Okumura Masanobu
Okumura Masanobu was an early ukiyo-e artist, whose career spanned the time from the early monochrome prints, marked by particularly expressive and bold black outlines, to just before the advent of nishiki-e full-color printing. He produced works in a wide variety of formats, from tall pillar prints to triptychs, and experimented more than perhaps any other ukiyo-e artist with a wide range of subjects or themes, including Buddhist subjects, landscapes, and birds and flowers. He also experimented with reversed prints, which use white outlines and black background, a form often compared to stone rubbings and called, in fact, ishizuri-e ("stone-rubbing prints").
Believed to have been most likely largely self-taught, Masanobu's early work took inspiration from that of Torii Kiyonobu but was distinct and individual. His earliest extant work, referred to as (the) Courtesan Album, was published in 1701. In the years following, among many other works, Masanobu produced a number of albums and illustrated books parodying classic Chinese tales, the Genji monogatari, and stories from Noh and kabuki plays.
In the 1720s, Masanobu established his own publishing house, allowing him greater control over the final products of his work, and a greater share of profits. He would later pass on management of the operation to his son, Okumura Genroku, so as to enjoy more time in which to focus upon the actual task of producing print designs. Sumptuary laws imposed by the government at this time helped sway trends towards smaller prints, and towards the urushi-e ("lacquer print") style, the tan-e (orange hand-colored print) form declining in popularity; Masanobu followed the trends, focusing his production on urushi-e style prints on smaller slips of paper at this time. The use of urushi-e style to depict kabuki actors was a particularly striking move, differing as it did from the style of the Torii school, who dominated actor prints at that time, and throughout much of the Edo period, and providing an intriguing contrast.
Larger prints returned to popularity in the 1740s, with Okumura at the crest of the wave. He continued to produce smaller works at this time as well, but turned his attention once more to larger depictions of standing beauties and actors, particularly in a form known as kakemono prints, meant to be mounted into scrolls or otherwise hung on a wall for display; he produced a number of hashira-e ("pillar prints") at this time as well, considerably taller than they are wide.

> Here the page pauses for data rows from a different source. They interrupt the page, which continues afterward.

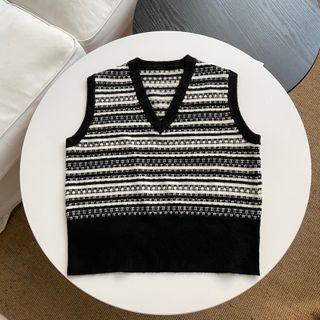 V-neck Striped Sweater Vest Black - One Size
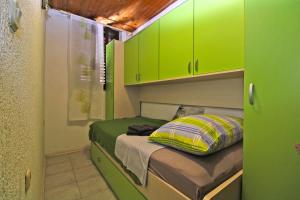 Posteľ alebo postele v izbe v ubytovaní Apartment Luka 2192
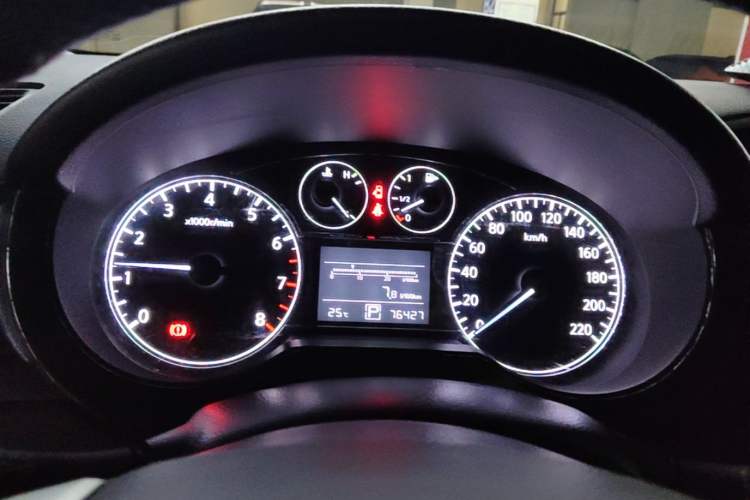 Used Nissan Tiida 2014 1.6L CVT Smart Model Instrument Cluster
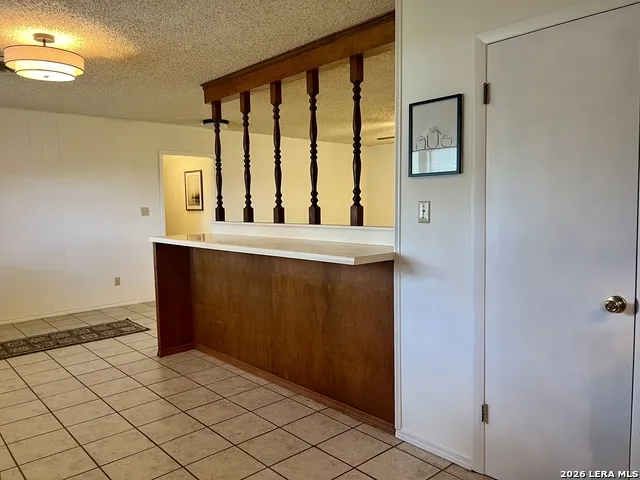 902 Oakridge Dr Pleasanton, TX 78064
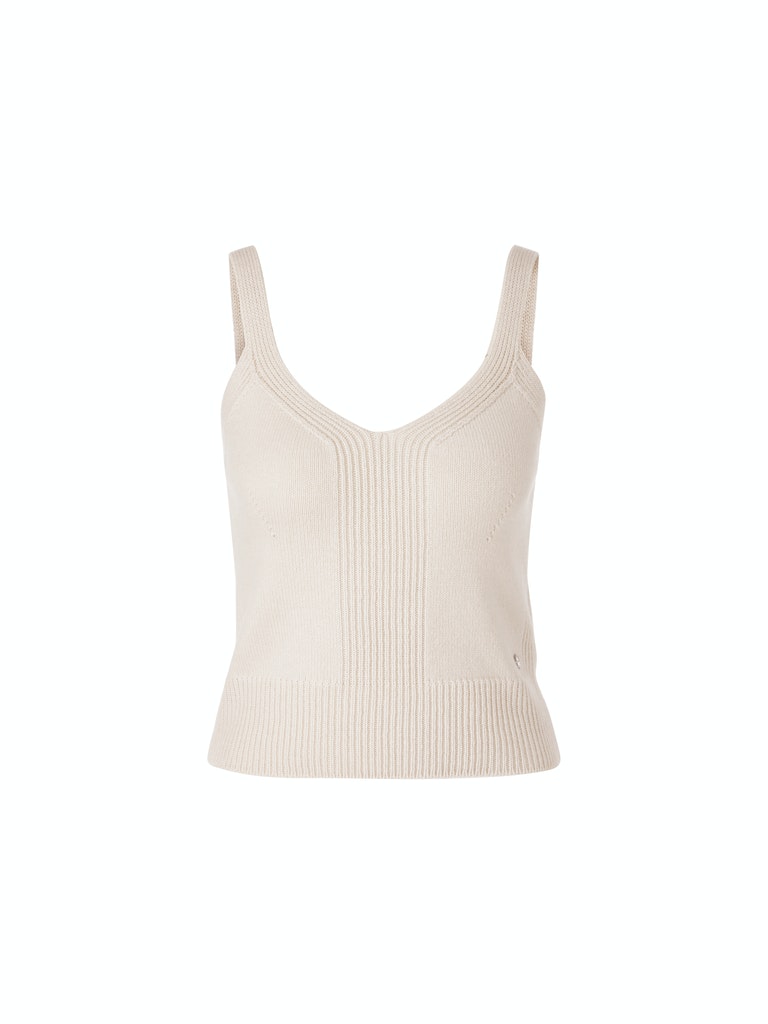 Top Knitted in Germany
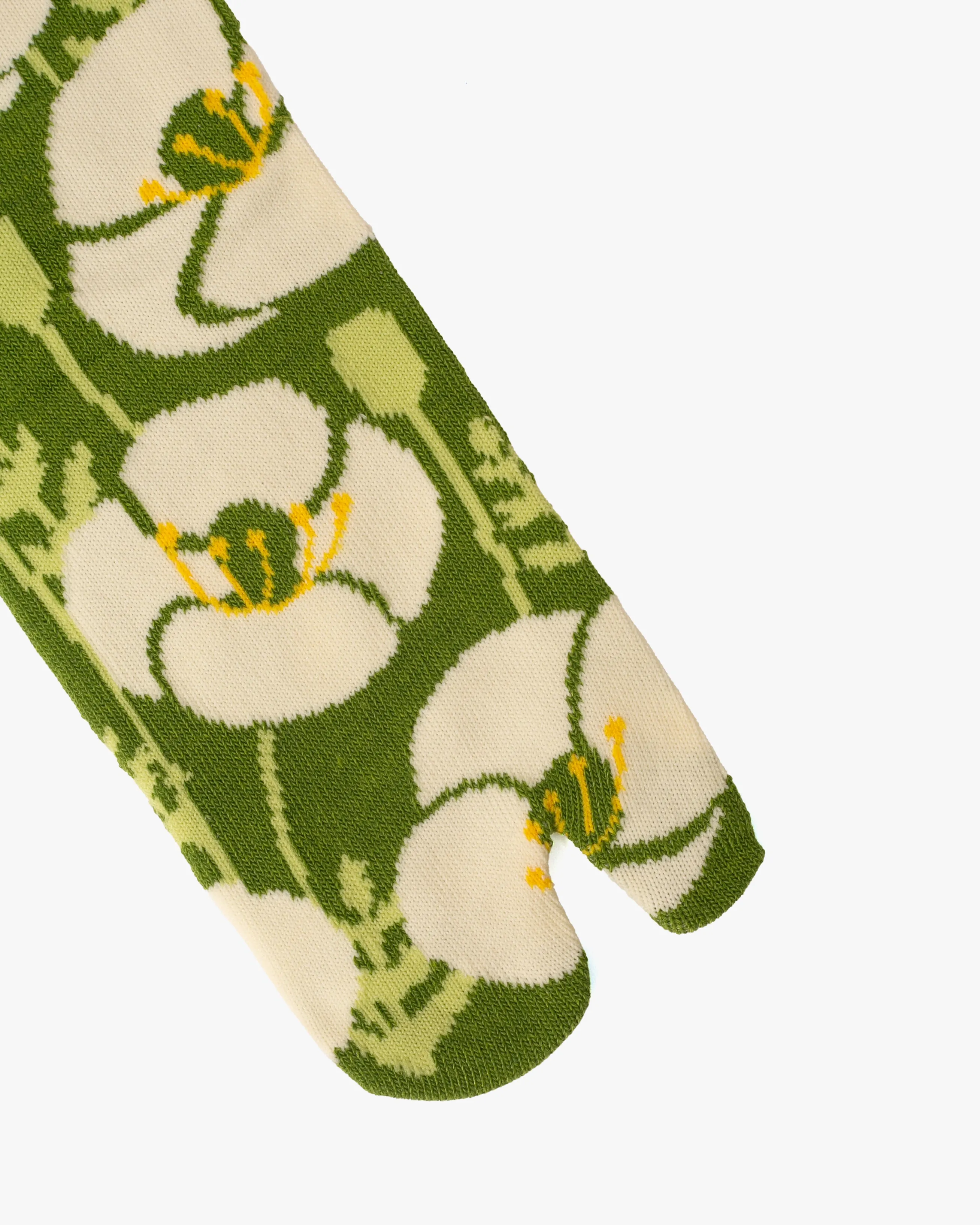Kurochiku, Tabi Socks, Crew, Green with White and Yellow Flowers- S/M sold by Kiriko product image thumbnail 3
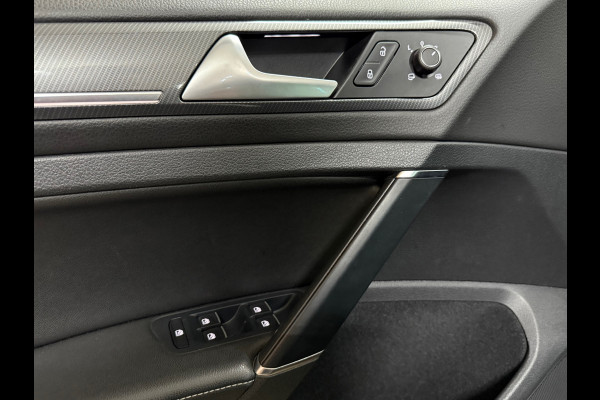 Volkswagen Golf 1.5 TSI Highline Business R LEDER / PANO / LED / CAMERA/ NAVI/ 18INCH / CLIMATE / STOELVERWARMING / BOMVOLLE GOLF!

Masanobu also pioneered experiments with Western perspective, producing a number of prints of the Sanjûsangendô, the interiors of kabuki theatres, and other architectural subjects which allowed for clean and direct application of the principles of one-point perspective. These were seen chiefly as novelties, however, in Japan at this time, and did not represent the beginning of an artistic revolution by any means. In fact, it would not be until over a century later, with the true coming of "modern/Western art" in the form of yôga in the Meiji period that Western artistic styles, methods and modes would be fully embraced by Japanese artists.
His early career, up until the 1730s, is marked chiefly by the production of numerous monochrome print albums, but in the successive decades, he turned his attention more to single-sheet prints, and to paintings.
References
- Lane, Richard. Images from the Floating World. New York: Konecky & Konecky, 1978. pp65-68, 78-79.